For weeks the ponies had now been in their new, forever home, and had settled in nicely.

They explored every paddock and bush part, found their favorite shady places and declared one area as their go-to night quarter. Slowly they formed smaller herds, 6 to 8 animals at a time, and the first bachelor herd appeared too.

But still no news about our pony on the run, LAST.

Then, when we nearly lost hope to ever find him again, the ranger rang up and informed us that he got a call from a farmer who now had a white pony living amongst his sheep! We were told he was not happy and that he gave us one try to get this animal off his paddock before he was going to shoot it.

Two hours later, and we were at his place with the trailer, hoping so much it would be LAST and certain we would take any pony anyway, if it would only walk into the trailer 😟

And there he was, our white beautiful LAST, grazing peacefully amongst the sheep, easy recognizable by the old wound on his leg. The farmer was equipped and had his gun already on hand, showing that he was dead serious. Memory came back of how difficult it was each time to get LAST on a truck and now he was supposed to go on this trailer!

We hastefully grabbed some panels, built a small corridor between the fence gate and the trailer and ……… watched LAST running in there! To the day I am still amazed how he made it so easy for us, but I believe he knew exactly what it all was about.

So here we were, driving back in awe about what happened and understanding that this was the third time this amazing being has escaped the death sentence.

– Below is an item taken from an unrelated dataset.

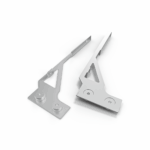 mFrame top bracket for tabletop with LED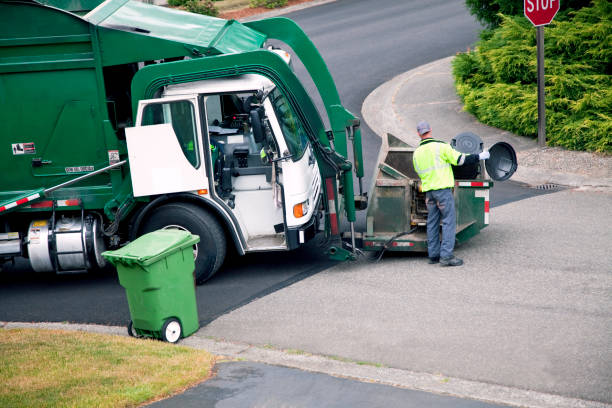 Best Retail Junk Removal  in Randallstown, MD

The sun had nearly set when we arrived back at our place, and we drove the trailer to the paddock where all our ponies had gathered, curious to find out who was neighing there from behind the car. We had observed before that the ponies had a clear job sharing: in case a new animal came close to herd, the males would form a line of defence to check out the “intruder”, and the females with their foals would stay far behind this line. So that was what happened this time again, only now the leading gelding (we named him ARNIE because he was one pack of muscles) walked out of the line and came right up to the open trailer.

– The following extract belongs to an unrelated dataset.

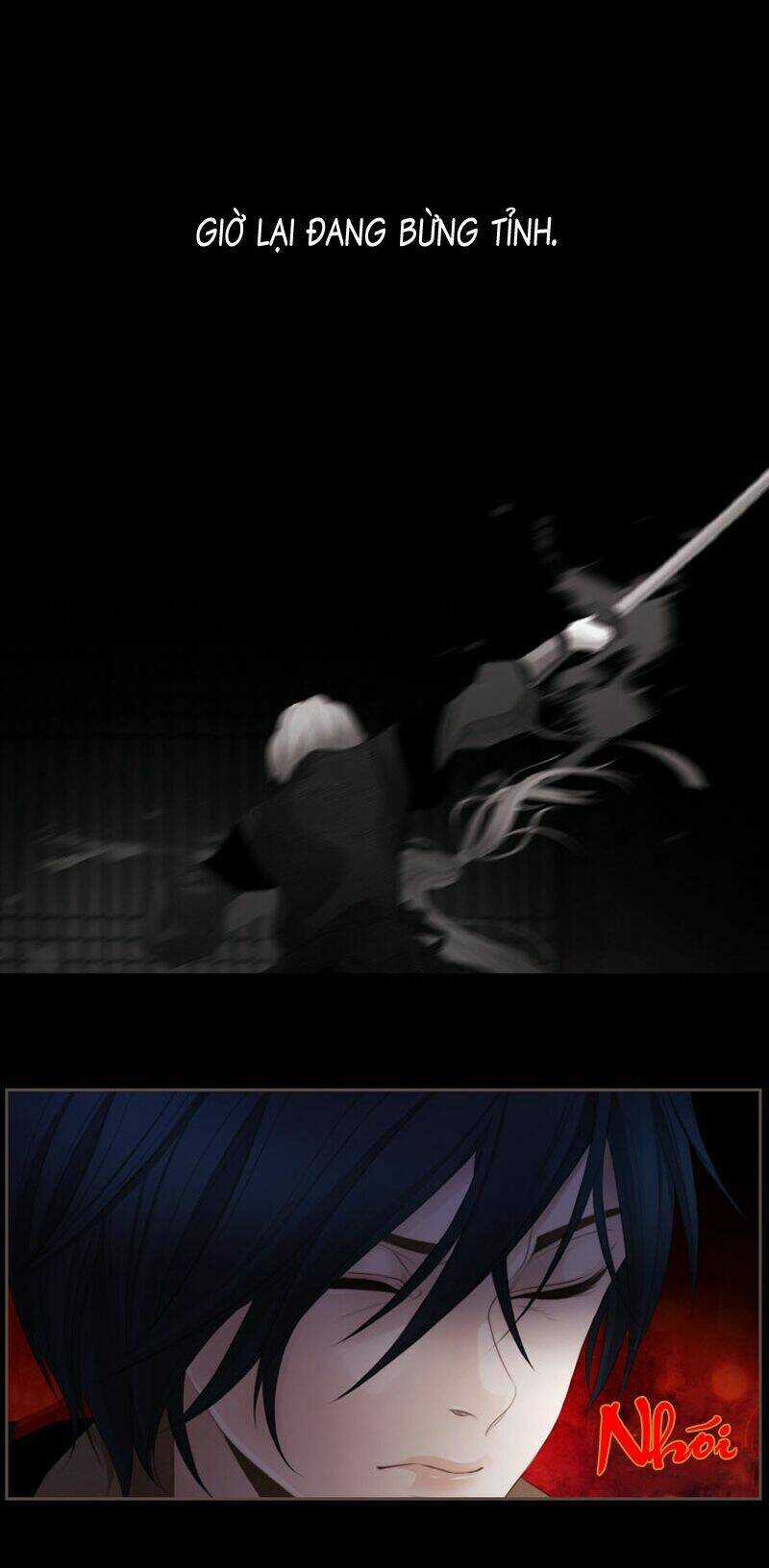 12 Nights Chapter 11 trang 16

LAST, still a bit hesitant about the new situation, slowly walked down the ramp, and then we were allowed to witness an amazing thing : both boys stood opposite each other, threw their head in the air and started to canter in a circle behind each other like in a beautiful dance!

Humans and ponies stood there watching this amazing conversation, until finally Last decided it was time to run over the paddock, only to be followed by the complete herd! And guess what: from this day on this wounded, isolated living gelding took over the leadership of all our ponies for years to come!

But the ponies’ story doesn’t end just there. There was one thing that had escaped our attention: right in the beginning, when we asked the vet to castrate all of the seven isolated stallions, nobody had noticed that there actually……. were 🐎🐎🐎🐎🐎🐎🐎….+🐎!